--- EXTRACTED DATA Enclosed Below ---
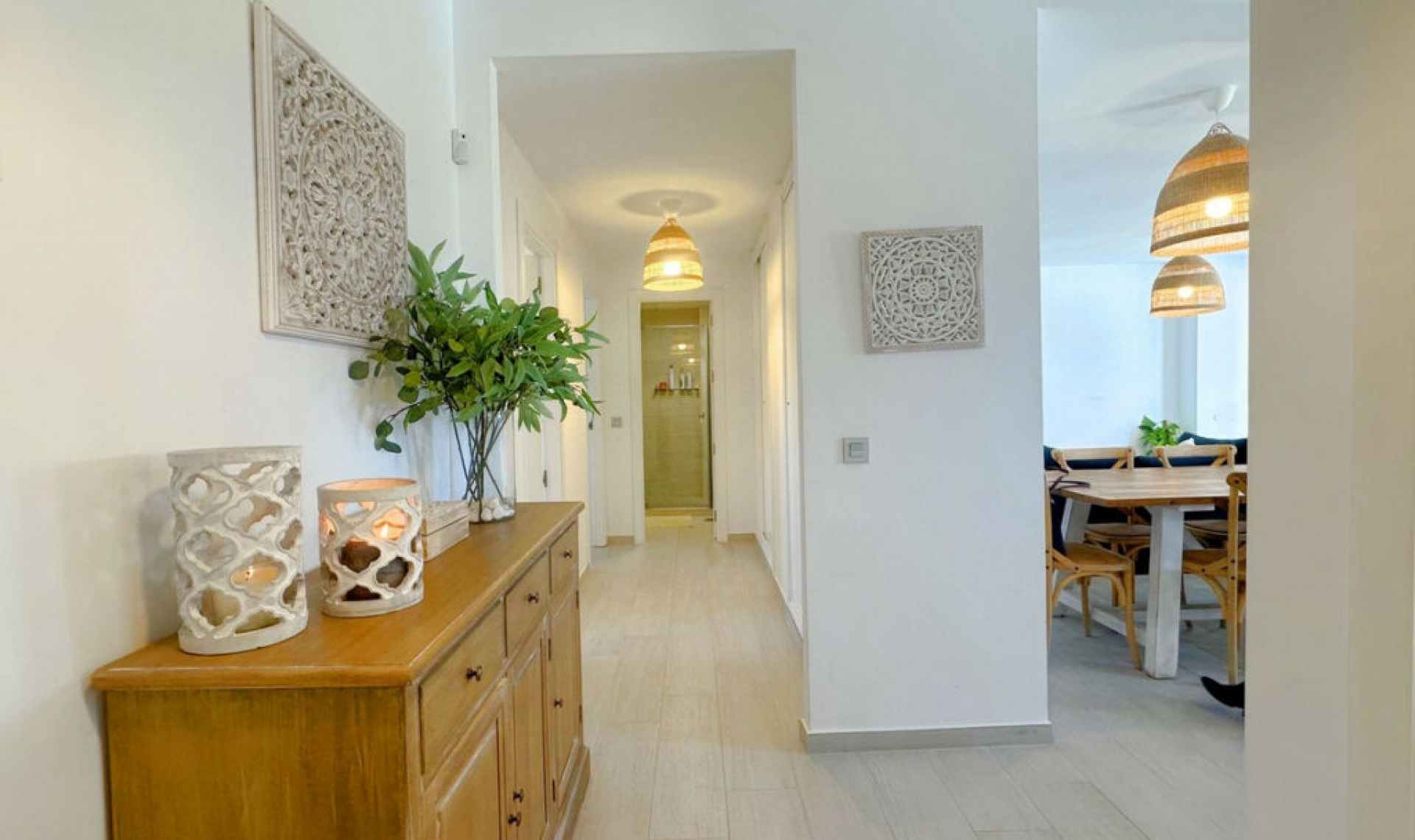Resale - Apartment -
Estepona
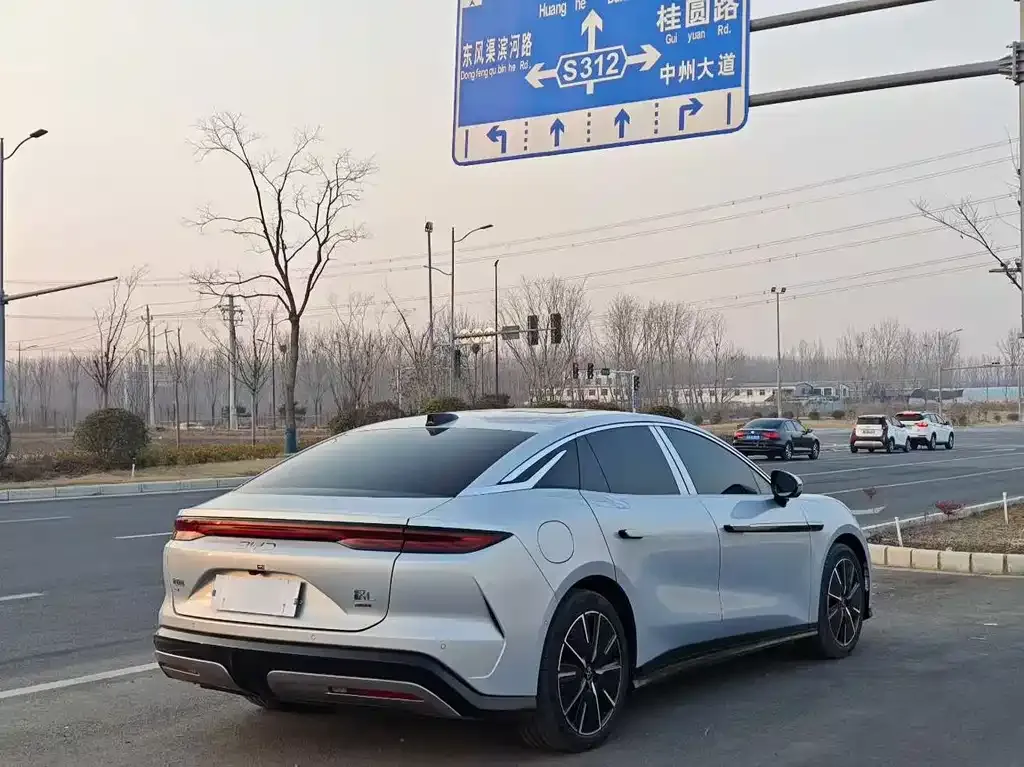 BYD Han L 2025 из CN, фото 5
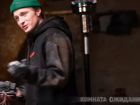 Как камышинский актер Вячеслав Чепурченко замуровал себя в стену, прячась от рэпера Егора Крида 
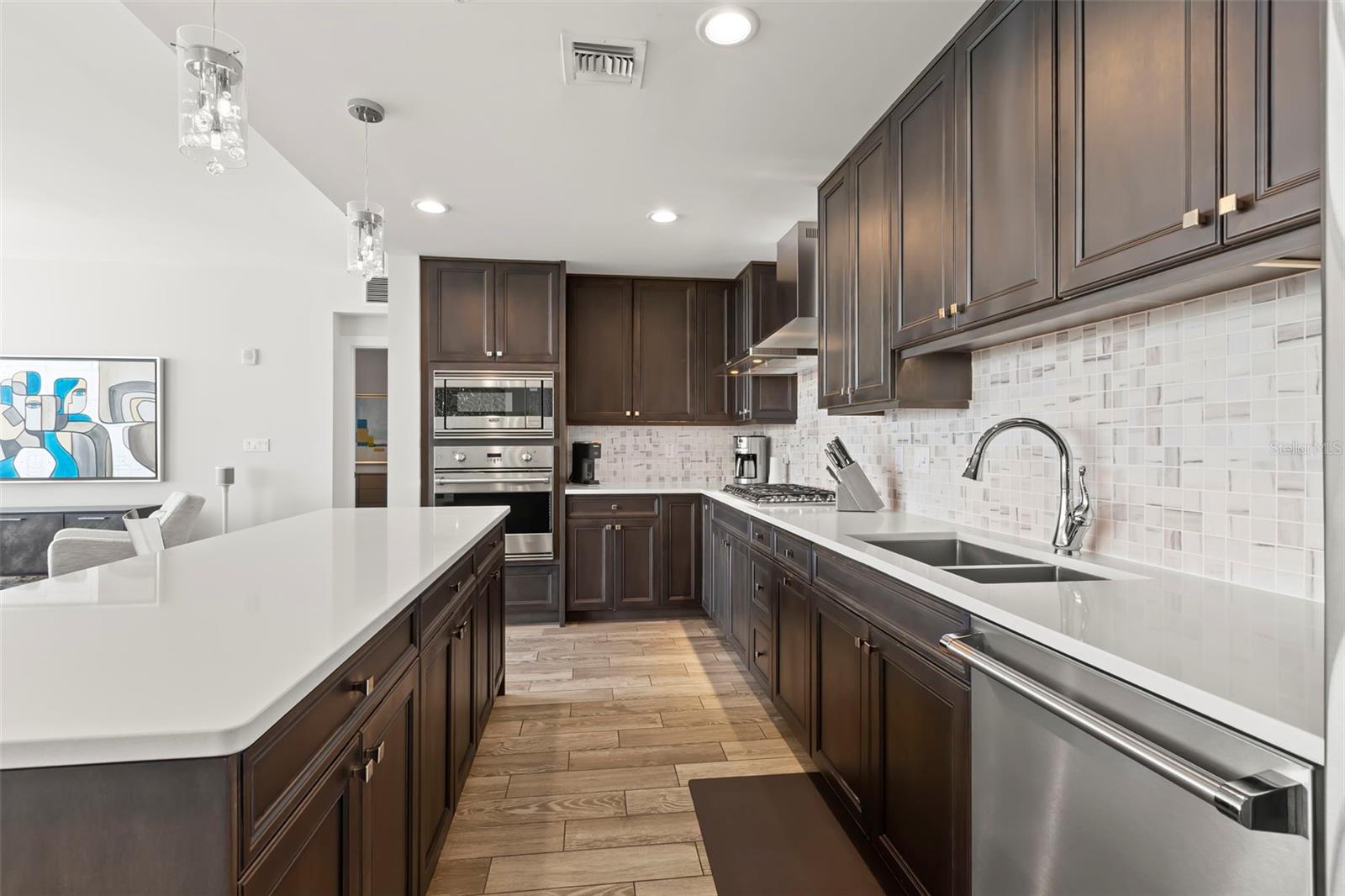 176 4th Unit 1102, St Petersburg, FL 33701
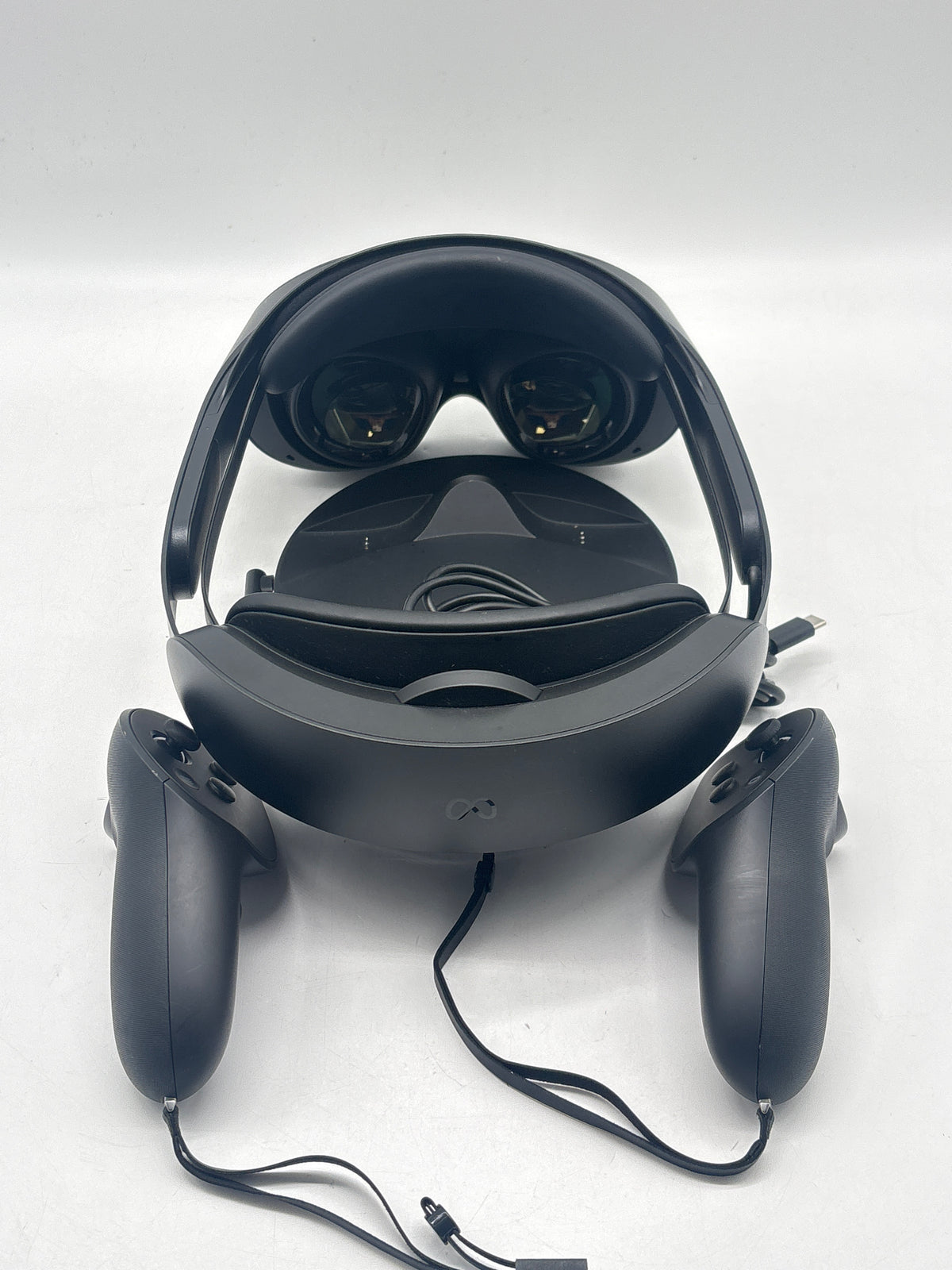 Meta Quest Pro 256GB Standalone All-in-One VR Headset - Used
--- End of Enclosed EXTRACTED DATA ---
EXERCISE REQUIREMENTS:
Return the line containing "176 4th Unit 1102, St Petersburg, FL 33701" and every line after it through the end of the records above, exactly and nothing else, but not the pictures.

RESPONSE BELOW:
 176 4th Unit 1102, St Petersburg, FL 33701
 Meta Quest Pro 256GB Standalone All-in-One VR Headset - Used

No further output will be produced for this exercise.